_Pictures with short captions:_
********

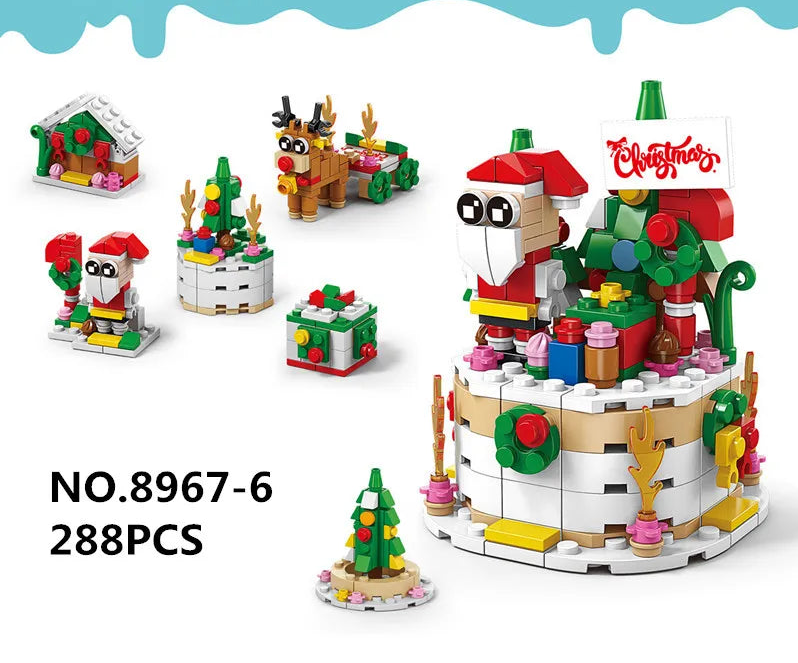 Christmas Building Blocks Set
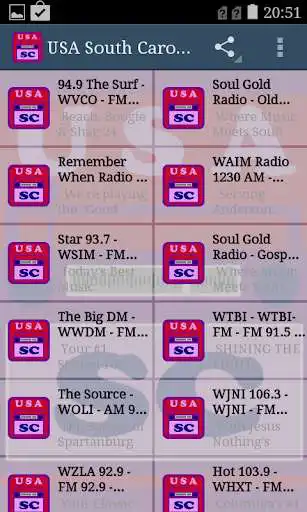 Play USA South Carolina Radio as an online game USA South Carolina Radio with UptoPlay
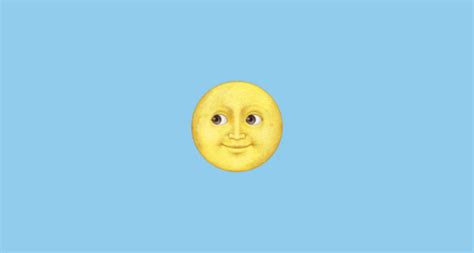 🌝 Full Moon Face Emoji On Apple Ios 93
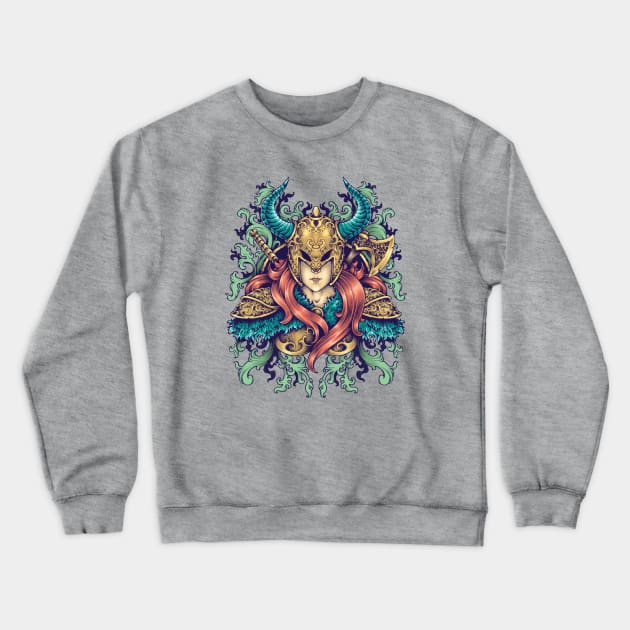 Warrior Queen Crewneck Sweatshirt by VintageHeroes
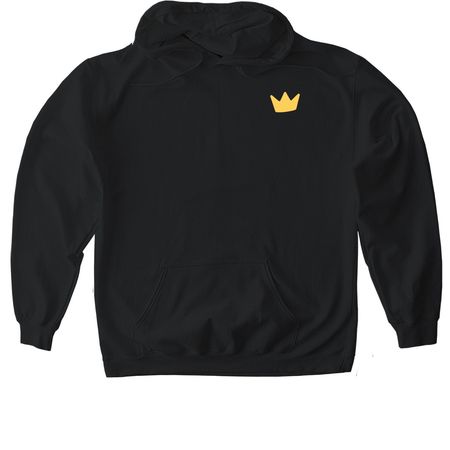 Bea-Lieve Back Design, a Black Gildan Softstyle Pullover Hoodie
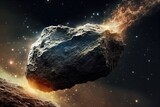 astéroïde dans l'espace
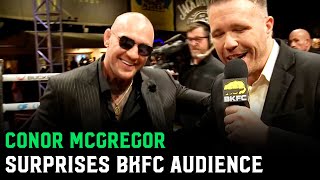 Conor McGregor surprises BKFC crowd with sudden appearance [upl. by Akessej]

********

_Task to complete:_ Take every entry above and transcribe it exactly, with no pictures in the copy.

_Answer section:_
 Christmas Building Blocks Set
 Play USA South Carolina Radio as an online game USA South Carolina Radio with UptoPlay
 🌝 Full Moon Face Emoji On Apple Ios 93
 Warrior Queen Crewneck Sweatshirt by VintageHeroes
 Bea-Lieve Back Design, a Black Gildan Softstyle Pullover Hoodie
 astéroïde dans l'espace
 Conor McGregor surprises BKFC crowd with sudden appearance [upl. by Akessej]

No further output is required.